I'm teetering on the edge of something that looks pretty grim, and it's clear that I'm about to topple right over the wrong side. It's called old age. Over the last few months the signs have become increasingly more clear and while I'd rather ignore them, my Buddhist teachings insist upon seeing things as they really are so I can't really just put my head in the sand and pretend it's not happening.
What I'm noticing the most is a bad combination of resistance to exercise, and not much energy or stamina when I do exercise. It would be so, so easy to just give in to that and vegetate, and that's something I really do not want to see happen. Right now, I'm aware of it and I am not giving in - at least, not completely. I do still walk to the library carrying the laptop (which weighs about 10 lbs), but one day last week it was a struggle to get there and back. Yesterday wasn't too bad, so I guess there's hope. When I manage to heft the weights I can tell how much upper body strength I've lost. My legs are still strong -- all that running, hiking, backpacking, cycling and leg presses, plus squatting and rising while working in the house and garden -- made them exceptionally strong, but if I don't keep walking and cycling and such, how long can I expect that to last? And I sure can't keep upper body strength if I can't manage to use the weights with some regularity.

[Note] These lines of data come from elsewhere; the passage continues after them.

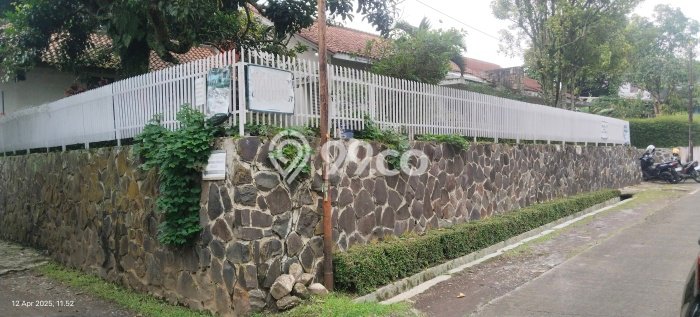 Hunian Mewah LB 200m2 Siap Huni Desain Elegan di Dago, Bandung Hunian Mewah LB 200m2 Siap Huni Desain Elegan di Dago, Bandung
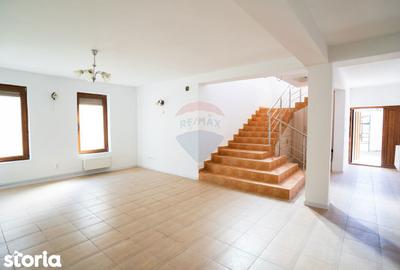 Casă cu 6 camere cu Teren 380 Mp în Găvana - 19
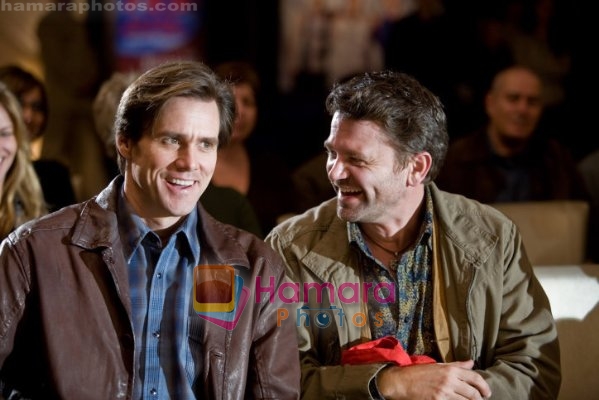 Jim Carrey, John Michael Higgins  in still from the movie Yes Man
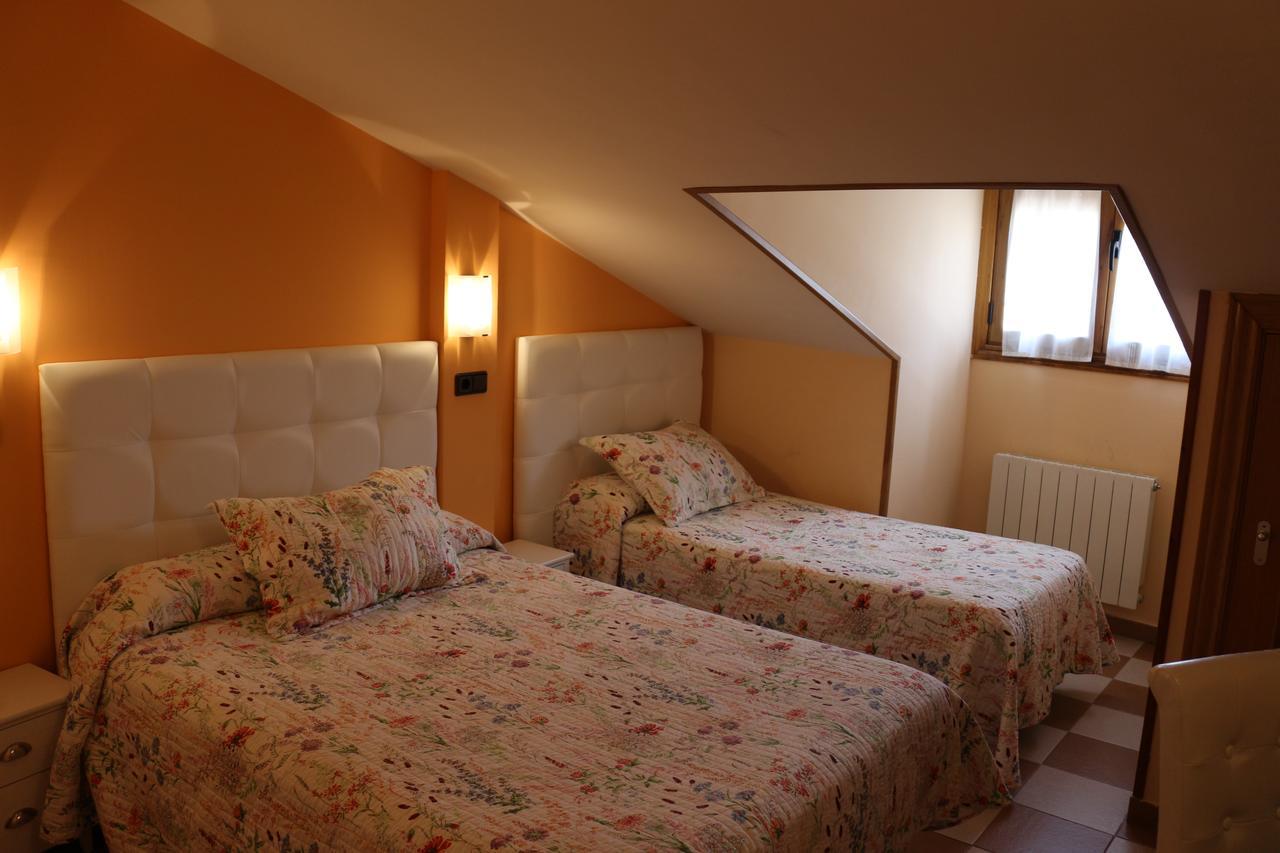 Hostal Don Jaime II Σεγκόβια Εξωτερικό φωτογραφία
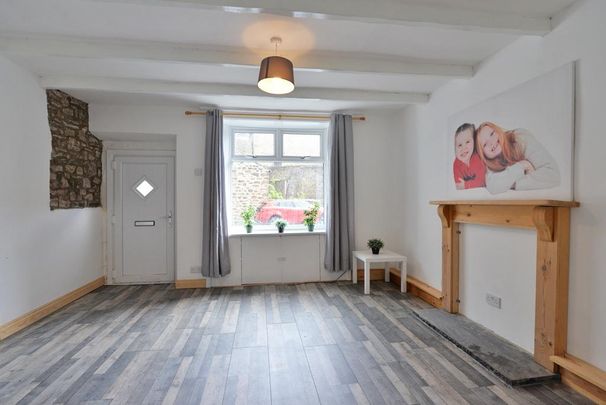 2 bedroom terraced house to rent - Photo 1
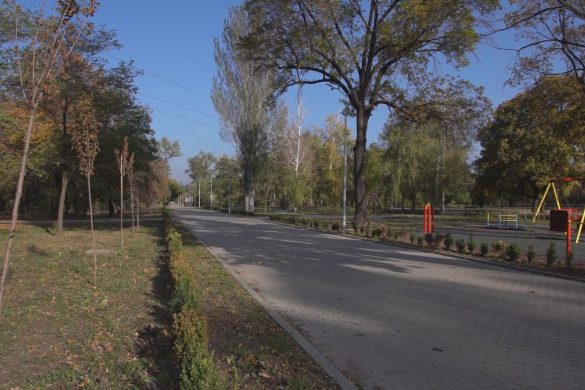 Реконструкція у понад два роки. Як виглядає парк імені Гагаріна у Мирнограді та що думають про нього місцеві жителі?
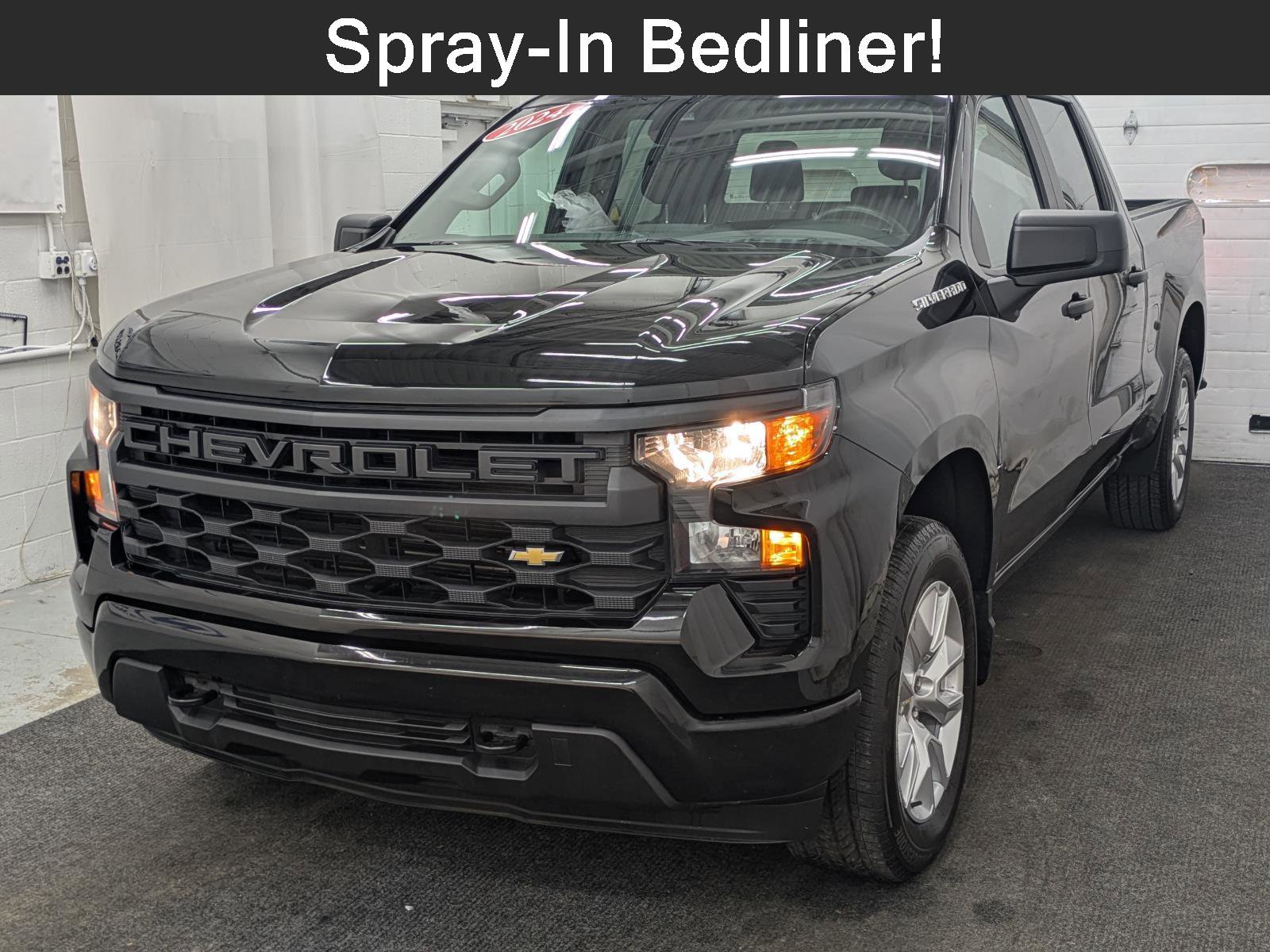 Used 2024 Chevrolet Silverado 1500 Custom image 1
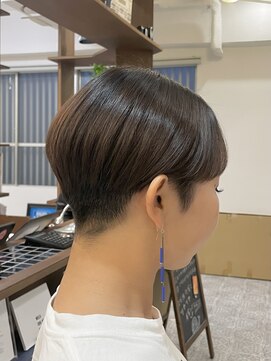 ルイ(ROUIS produced by LUCK 津田沼) ROUIS 津田沼 刈り上げショート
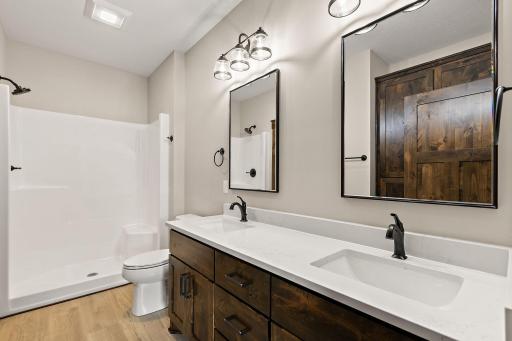 1043 Legend Lane, River Falls, WI 54022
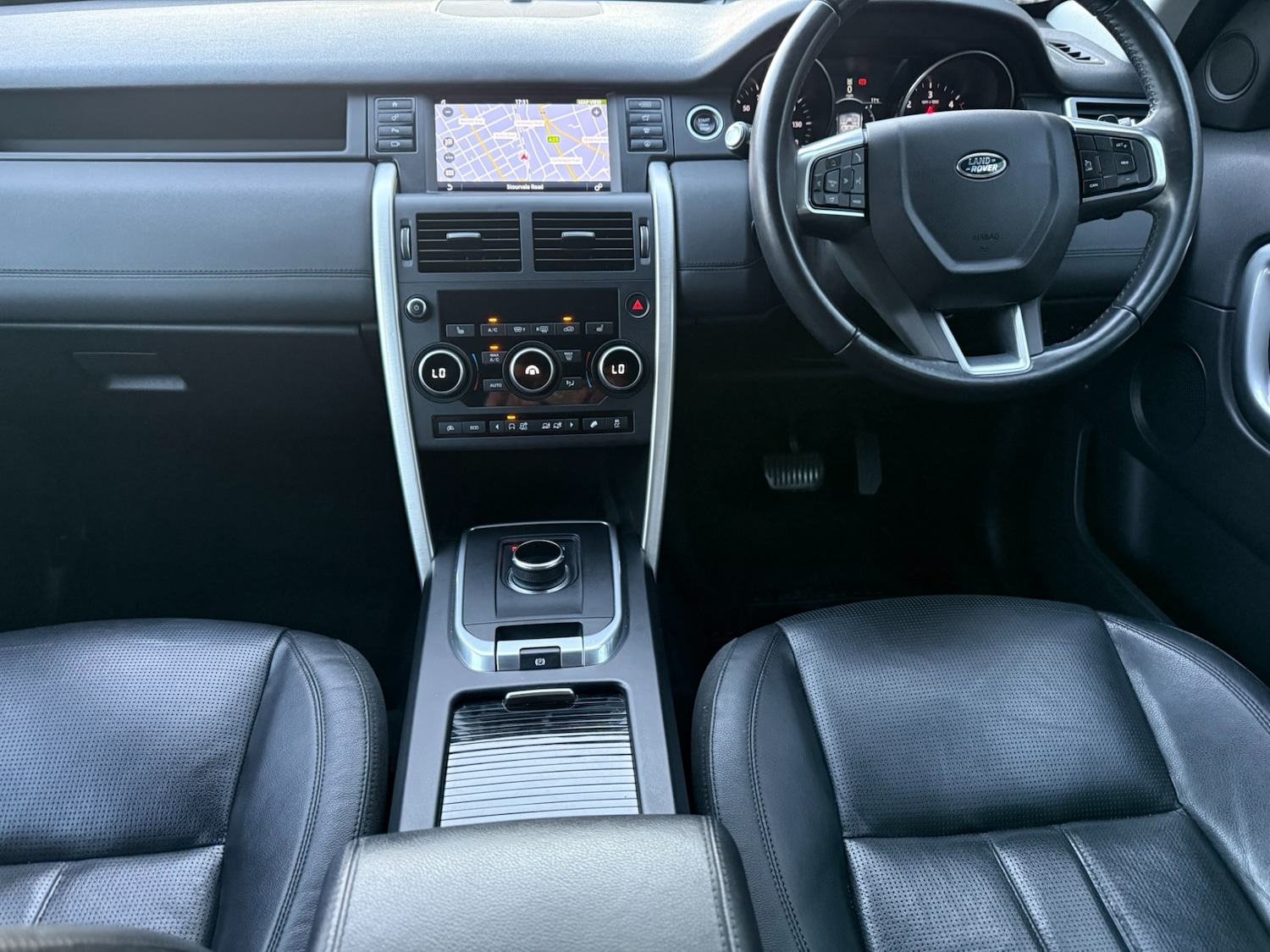 Used Land Rover Discovery Sport 2017 for sale - 77662292: Photo 11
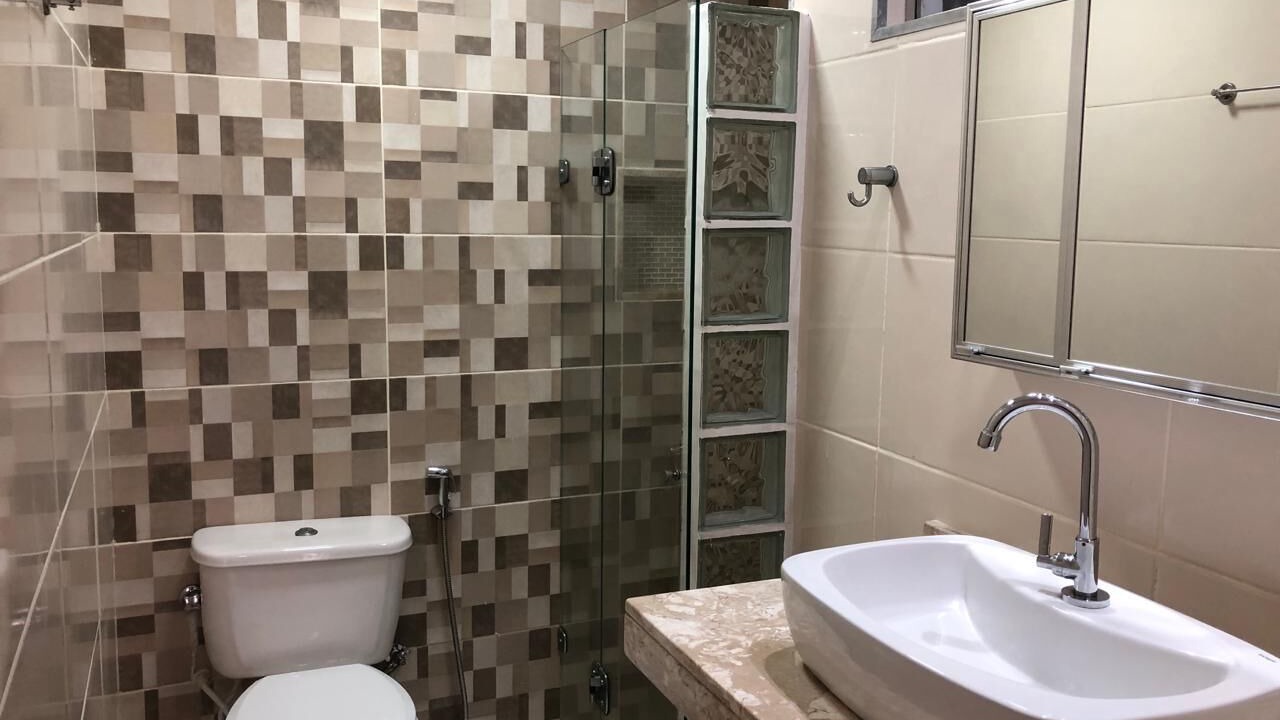 Photo of Bathroom in Meireles
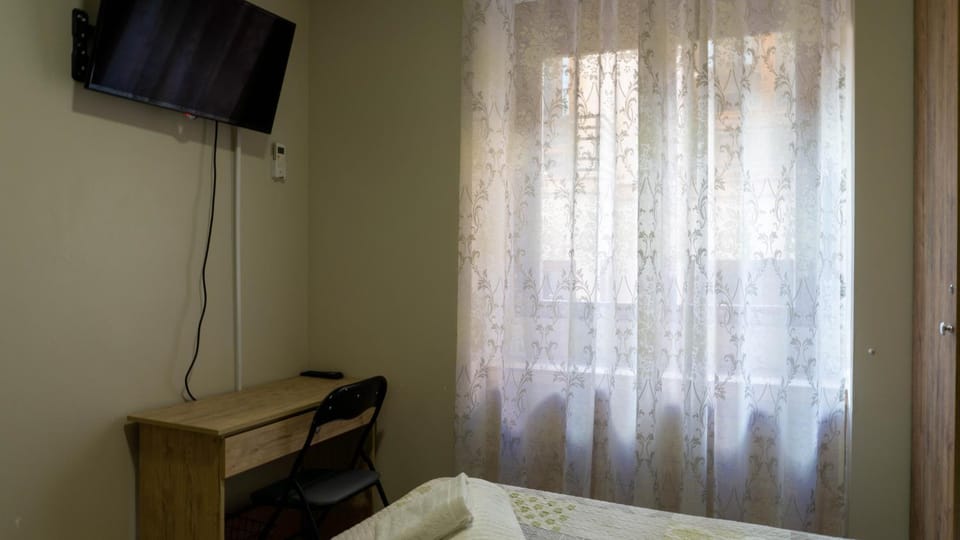 Bed, Photo of the whole room, Bedroom, hair dresser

Let's face it -- I've entered my 70th year and maybe it's time to just let go and vegetate. And yet, I know full well that doing so is the quickest route to losing all muscle tone, strength, and energy that's left.
It's a conundrum. Damned if I do, damned if I don't. There's not much I can do about the bits of mental confusion that show up from time to time, but with effort, I can keep the body strong. Where do I find the motivation to overcome the resistance?